Obviously I could do it because I think my work will somehow enlighten them. Or I could do it because they’re going to pay me and I want the money. But I discovered a better reason.
In the guided meditation class I am taking, Cognitively Based Compassion Training, we talked about how dependent we are on one another. From the clothes on our backs to the water in our pipes, each thing upon which we depend comes to us out of the work, even the kindness of thousands of other individuals.
It’s important to me that I begin to realize just how much I get from others. I don’t like to ask for help, generally. I much prefer to give it.
This is beyond getting help, though. This is about getting things you need from people you don’t even see. It’s about recognizing the profound interconnection we have, and the gratitude we should show.
So what if I decided to create my writing, to compose my music, even to perform my songs in order to take care of my audience? Not because they need me, but because I need them. I could dedicate myself to taking care of the world because I need it to survive!
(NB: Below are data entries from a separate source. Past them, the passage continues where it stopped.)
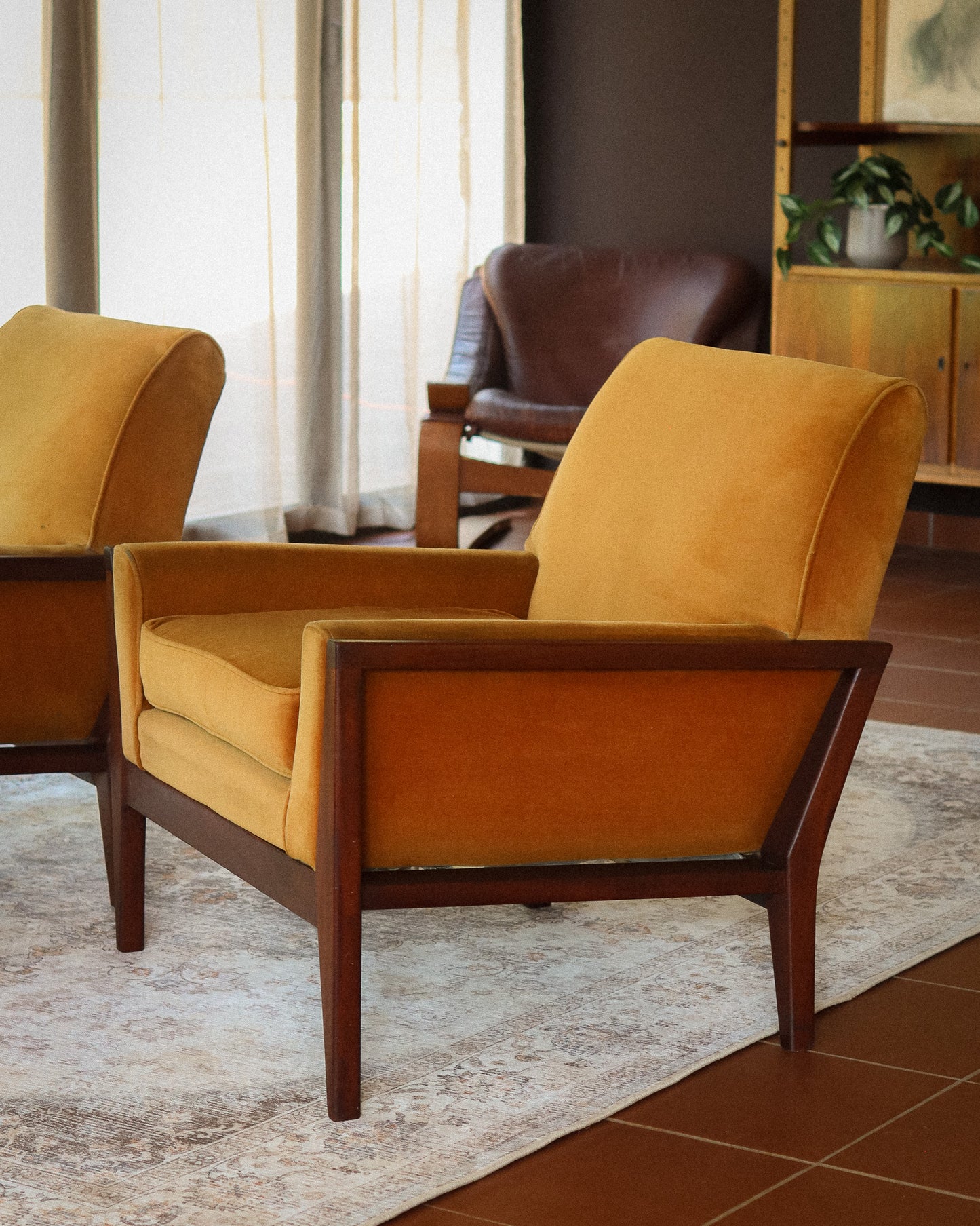 Pair of Mid-Century Velvet Armchairs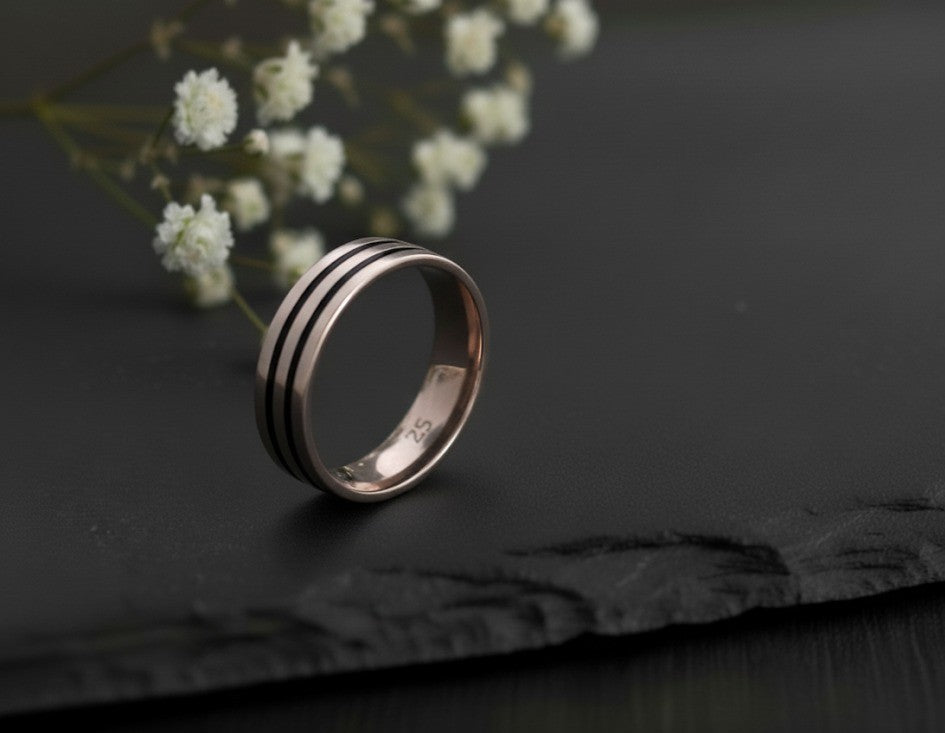Modern Tri-Band Ring: Minimalist Triple Line Eternity Band in Sterling Silver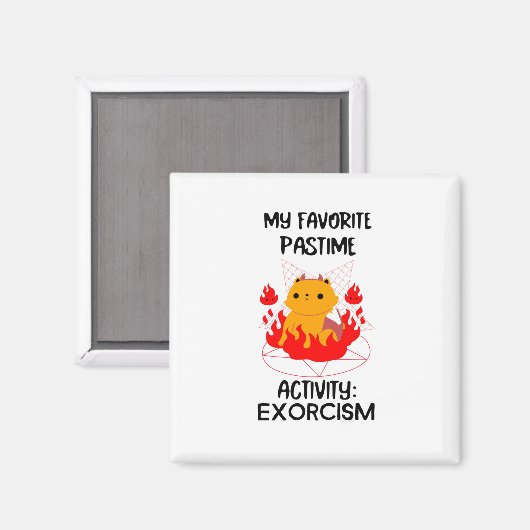 私のお気に入りの娯楽アクティビティ:エクソシズム – 黒文字 マグネット (正面/裏面)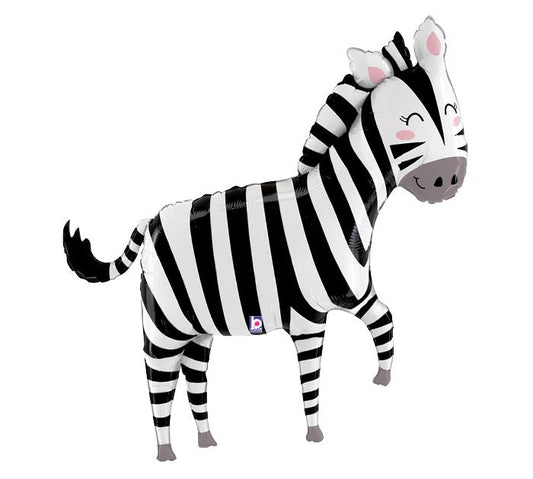 43" Jungle Zebra themed foil balloon, fully inflated with helium, ribbon, and a weight for fast pickup in Sandy Springs near Atlanta.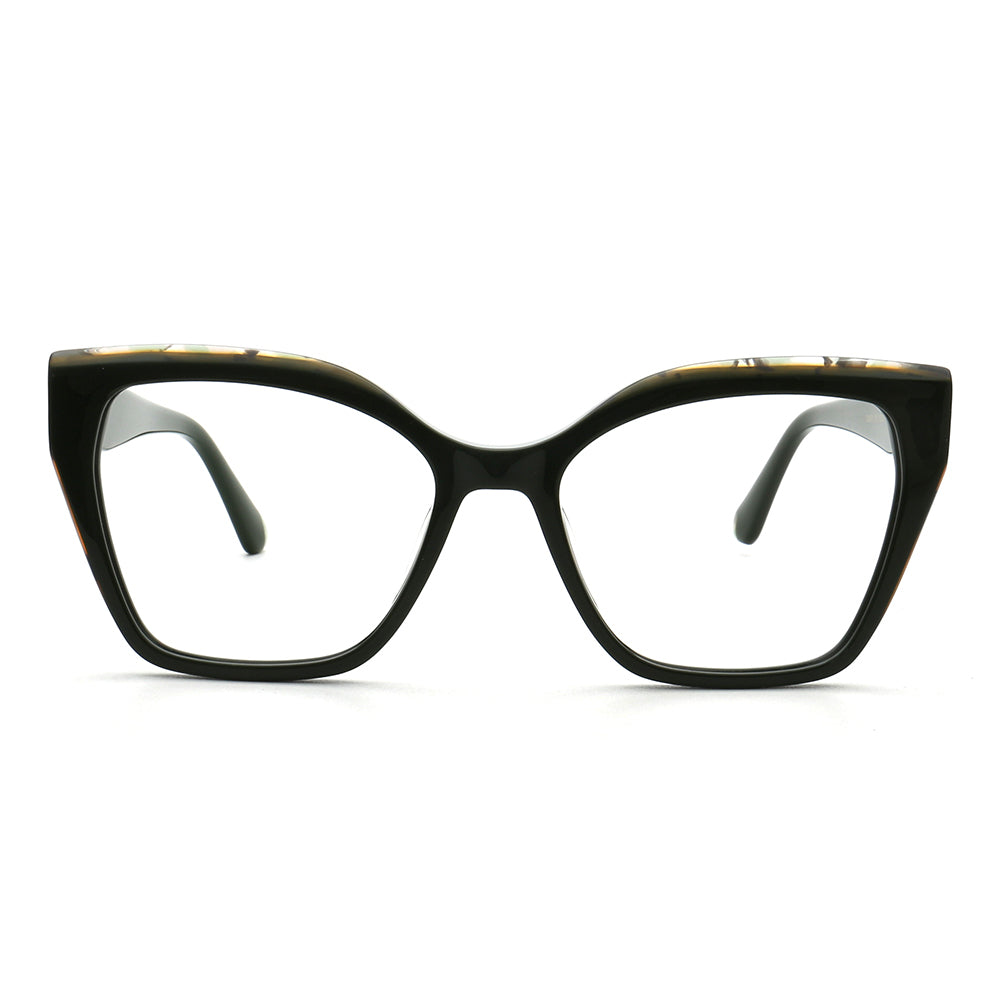 Olivia | Modern Women Cat Eye Oversized Optical Eyeglasses | Retro Olive Glasses Frame for Female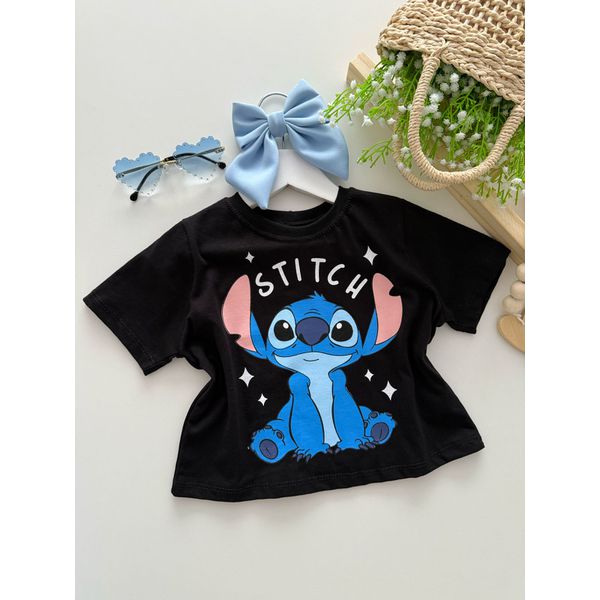 T-shirt Cropped Stitch Preto
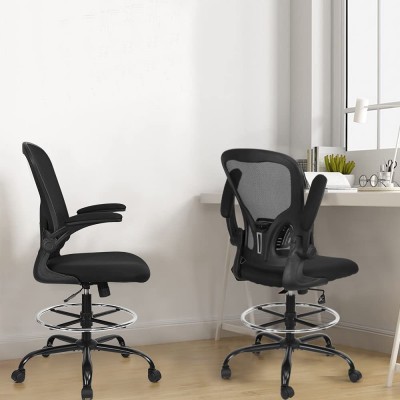 Tall Office Drafting Chair Mesh Ergonomic Sit Stand Chair Executive Rolling Swivel Computer Task Chair with Back Support for Standing Desk Stool with Adjustable Foot Ring and Flip-Up Arms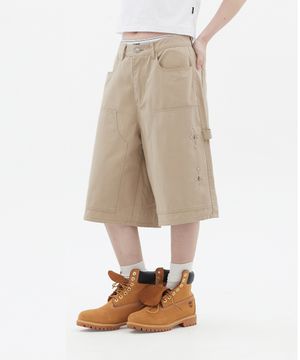 Stud Carpenter bermuda pants_Beige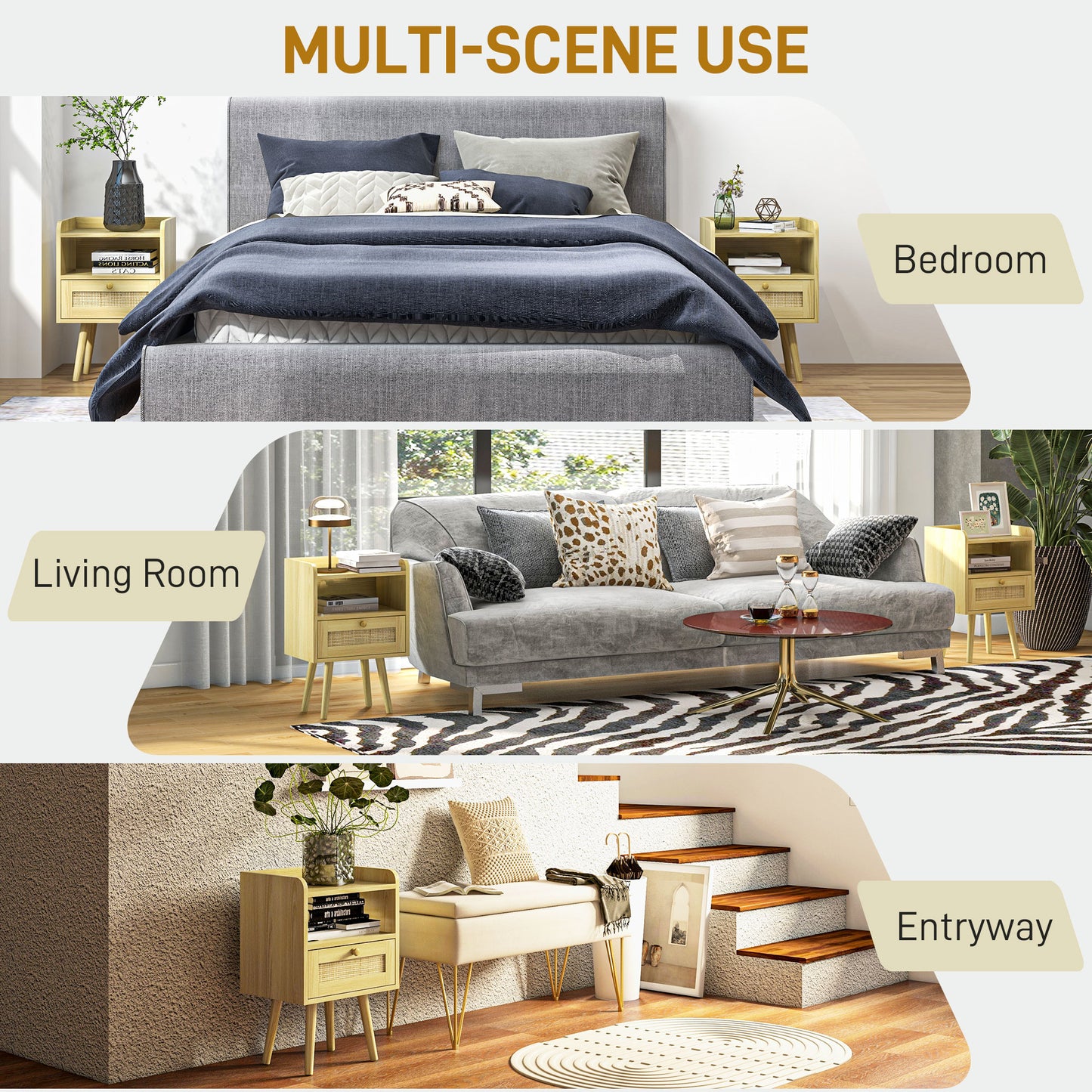Fira Set Of 2 Wood Effect Rattan Weave Bedside Tables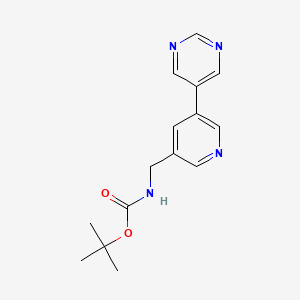 molecular formula C15H18N4O2 B2970721 Tert-butyl ((5-(pyrimidin-5-yl)pyridin-3-yl)methyl)carbamate CAS No. 2309313-38-8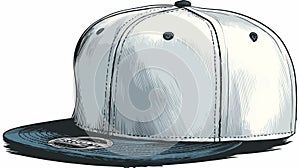 Modern Snapback Vector with Outline Isolated on White Background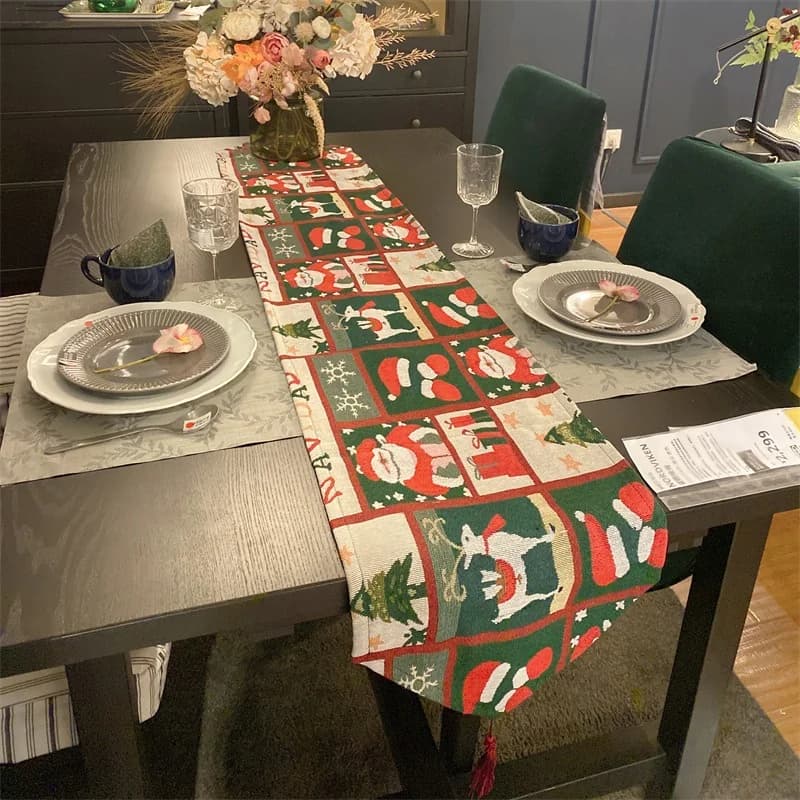 Chemin de Table de Noël avec Franges, Style Nordique Mélange Polyester Coton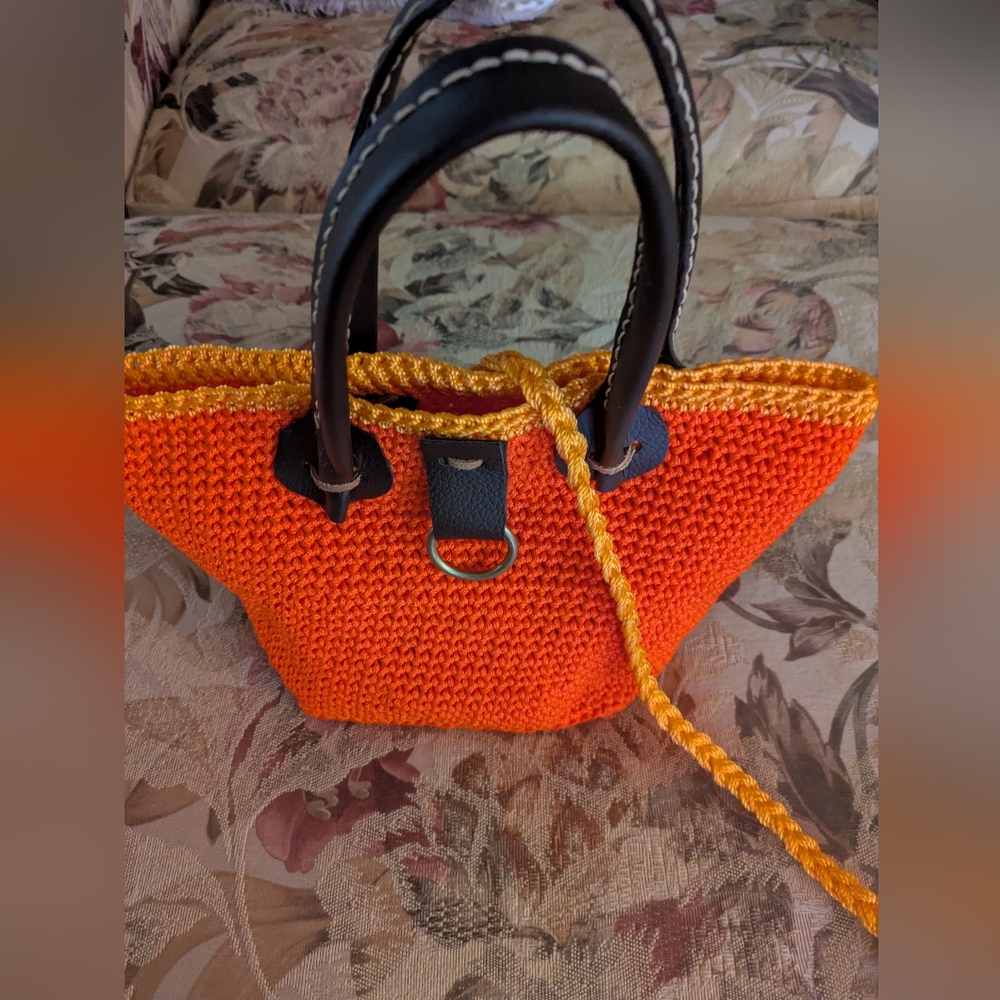 Handmade Crochet Bucket Bag Nylon Mason Line Bright Orange Brown Leather - Picture 5 of 16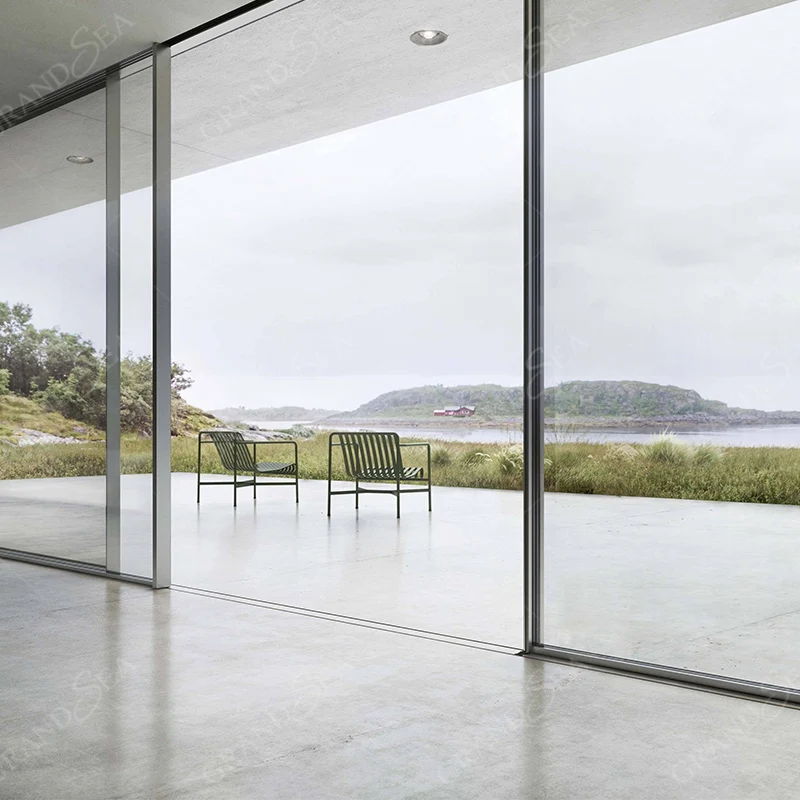 Narrow Frame barrier-free aluminium double tempered glass sliding door energy efficient double soft closing 8 wheel sliding door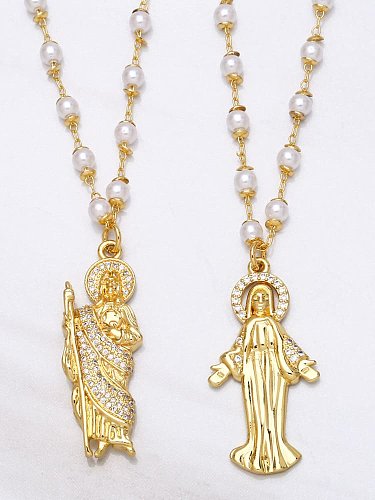 Collier pendentif en laiton cubique zircone religieux Vintage vierge marie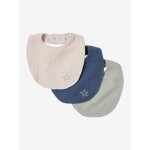 Lot de 3 bavoirs naissance en gaze de coton lot bleu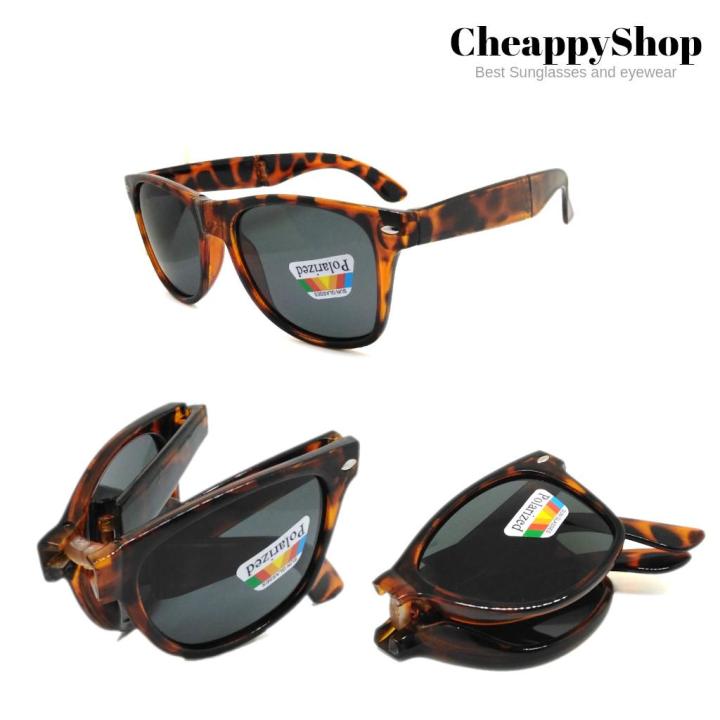 cheappyshop-แว่นยิงปลาพับได้-แว่นพับได้-แว่นกันแดด-โพลาไรซ์-แว่นตากันแดดแฟชั่น-วินเทจ-polarize-sunglasses-wayfarer-style-กรอบน้ำต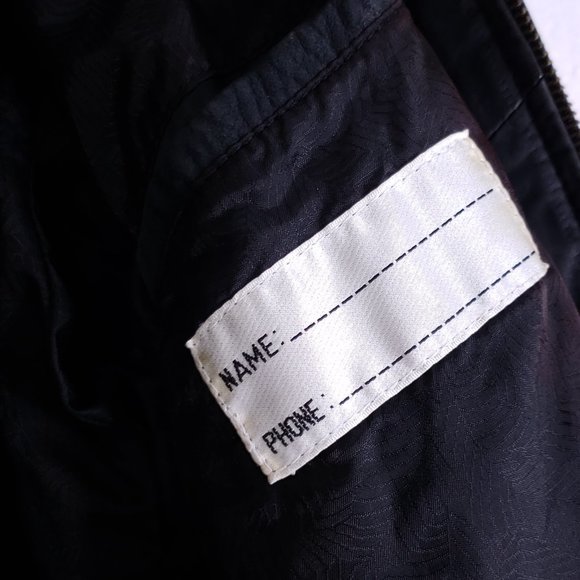 Vtg Luis Alvear "Brass Plum" Womens L Black Leather Bomber Jacket Full Zip Front - Picture 8 of 9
This is not a parasitic relationship. I’m not manipulating my audience into giving me what I need. I’m putting useful and beautiful things into the world in a way that is unique to my abilities, therefore acknowledging all the gifts that enable me to do so.
That seems like such a healthy, such a wholesome way of working. It’s an antidote to self-delusion, misguided altruism, and even selfish motives. It’s simply an acknowledgment that I have the power to help myself by taking care of my world, and this is the way I can do that.
Do you have a response to this? Am I fooling myself once again? Or have I finally found a reason to create?